Snow, soil and trees detect minerals

A research project funded by Geoscience BC in Canada has developed new techniques that use snow, soil and trees to identify buried mineral deposits and has resulted in new laboratory techniques
Snow, soil and trees detect minerals Snow, soil and trees detect minerals Snow, soil and trees detect minerals Snow, soil and trees detect minerals Snow, soil and trees detect minerals

Staff reporter

PRESS RELEASE: The new made-in- British Columbia analytical methods measure the concentration of the halogen elements fluorine, bromine, chlorine and iodine in samples that have been collected in a way that has the potential to significantly lower the environmental impact of mineral exploration. 
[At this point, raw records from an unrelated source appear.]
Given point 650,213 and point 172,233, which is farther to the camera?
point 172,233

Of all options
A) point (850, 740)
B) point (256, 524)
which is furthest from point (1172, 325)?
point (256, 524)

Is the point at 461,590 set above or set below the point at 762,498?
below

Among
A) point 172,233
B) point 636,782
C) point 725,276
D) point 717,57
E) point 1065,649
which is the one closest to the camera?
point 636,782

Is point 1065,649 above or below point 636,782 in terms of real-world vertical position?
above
Geoscience BC vice-president of minerals and mining, Bruce Madu, commented: “This is British Columbia at the cutting-edge of technology for mineral exploration. Bringing these techniques closer to practical application helps to reduce the impact of mineral exploration work and builds valuable intellectual property right here in British Columbia.” 

The project, which centred on two well-studied field sites, is called 'An assessment of the use of halogens and volatile compounds in vegetation, soil and snow in the exploration for concealed deposits: case histories from Lara and Mount Washington, Vancouver Island'.
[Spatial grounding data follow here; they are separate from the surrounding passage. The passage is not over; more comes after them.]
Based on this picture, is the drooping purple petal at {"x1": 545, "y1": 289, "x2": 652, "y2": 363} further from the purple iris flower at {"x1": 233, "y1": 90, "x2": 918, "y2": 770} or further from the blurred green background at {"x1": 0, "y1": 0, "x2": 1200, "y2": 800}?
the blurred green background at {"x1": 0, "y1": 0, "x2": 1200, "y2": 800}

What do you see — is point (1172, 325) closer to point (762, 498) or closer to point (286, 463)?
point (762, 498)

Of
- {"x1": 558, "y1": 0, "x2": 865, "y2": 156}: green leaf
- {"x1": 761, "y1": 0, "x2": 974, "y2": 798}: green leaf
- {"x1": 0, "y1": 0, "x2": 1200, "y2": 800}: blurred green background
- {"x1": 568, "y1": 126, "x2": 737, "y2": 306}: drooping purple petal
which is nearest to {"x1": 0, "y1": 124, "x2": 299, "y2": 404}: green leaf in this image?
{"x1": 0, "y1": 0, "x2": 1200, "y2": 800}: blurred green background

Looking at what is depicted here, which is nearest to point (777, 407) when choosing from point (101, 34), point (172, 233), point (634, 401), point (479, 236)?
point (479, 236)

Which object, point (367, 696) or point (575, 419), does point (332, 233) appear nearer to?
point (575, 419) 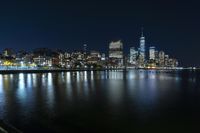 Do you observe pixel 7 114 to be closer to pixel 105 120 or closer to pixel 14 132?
pixel 105 120

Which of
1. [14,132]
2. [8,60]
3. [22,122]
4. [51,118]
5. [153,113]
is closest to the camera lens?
[14,132]

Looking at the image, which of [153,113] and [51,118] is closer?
[51,118]

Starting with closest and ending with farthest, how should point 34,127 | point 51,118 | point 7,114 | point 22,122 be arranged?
point 34,127 → point 22,122 → point 51,118 → point 7,114

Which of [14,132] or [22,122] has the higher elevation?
[14,132]

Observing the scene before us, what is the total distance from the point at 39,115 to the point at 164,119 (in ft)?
31.1

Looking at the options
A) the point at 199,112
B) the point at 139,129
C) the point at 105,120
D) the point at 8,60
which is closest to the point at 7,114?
the point at 105,120

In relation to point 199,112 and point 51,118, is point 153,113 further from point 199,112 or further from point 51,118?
point 51,118

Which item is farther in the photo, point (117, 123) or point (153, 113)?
point (153, 113)

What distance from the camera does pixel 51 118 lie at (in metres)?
22.0

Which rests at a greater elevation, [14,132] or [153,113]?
[14,132]

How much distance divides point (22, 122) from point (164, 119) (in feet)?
33.6

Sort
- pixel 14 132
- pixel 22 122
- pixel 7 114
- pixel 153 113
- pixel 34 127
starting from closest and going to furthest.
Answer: pixel 14 132, pixel 34 127, pixel 22 122, pixel 7 114, pixel 153 113

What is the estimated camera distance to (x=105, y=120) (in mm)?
21531

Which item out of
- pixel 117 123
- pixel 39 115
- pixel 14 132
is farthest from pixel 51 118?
A: pixel 14 132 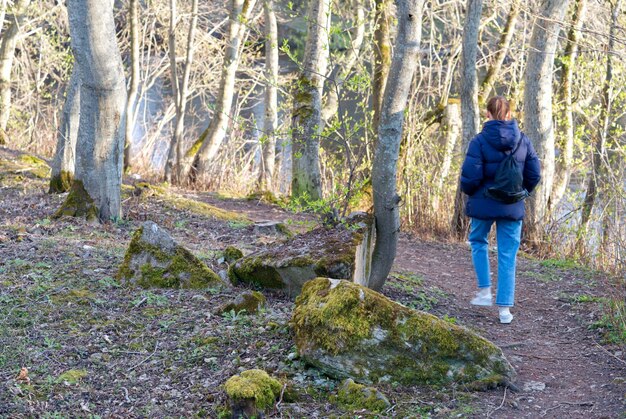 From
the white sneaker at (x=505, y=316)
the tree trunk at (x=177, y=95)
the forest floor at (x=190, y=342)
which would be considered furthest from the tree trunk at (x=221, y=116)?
the white sneaker at (x=505, y=316)

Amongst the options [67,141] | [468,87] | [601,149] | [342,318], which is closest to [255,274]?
[342,318]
Research samples were collected on Vancouver Island at the Mount Washington gold-copper-silver prospect and from the Lara zinc-copper-lead-silver-gold showing. One technique was to capture fluids given off by trees by trapping ‘tree sweat' in plastic bags. Halogen elements in soils were sampled using buried collectors left in the ground over several months to passively absorb ions. Snow was also sampled because it can intercept and hold halogen elements. 

Project leader Dave Heberlein said: “We have now shown that these techniques are effective on Vancouver Island, but we still have a way to go before they can be widely used by the mineral exploration sector. More work is required to optimise sample types in other common forest types such as the spruce, lodgepole pine or Douglas-fir forests of the interior.”

Significant in-kind support for the project was provided by ALS Minerals, which developed the new procedures and techniques needed to measure low-level halogen element concentrations in the project’s samples. The project was also supported by the British Columbia Ministry of Environment and Activation Laboratories.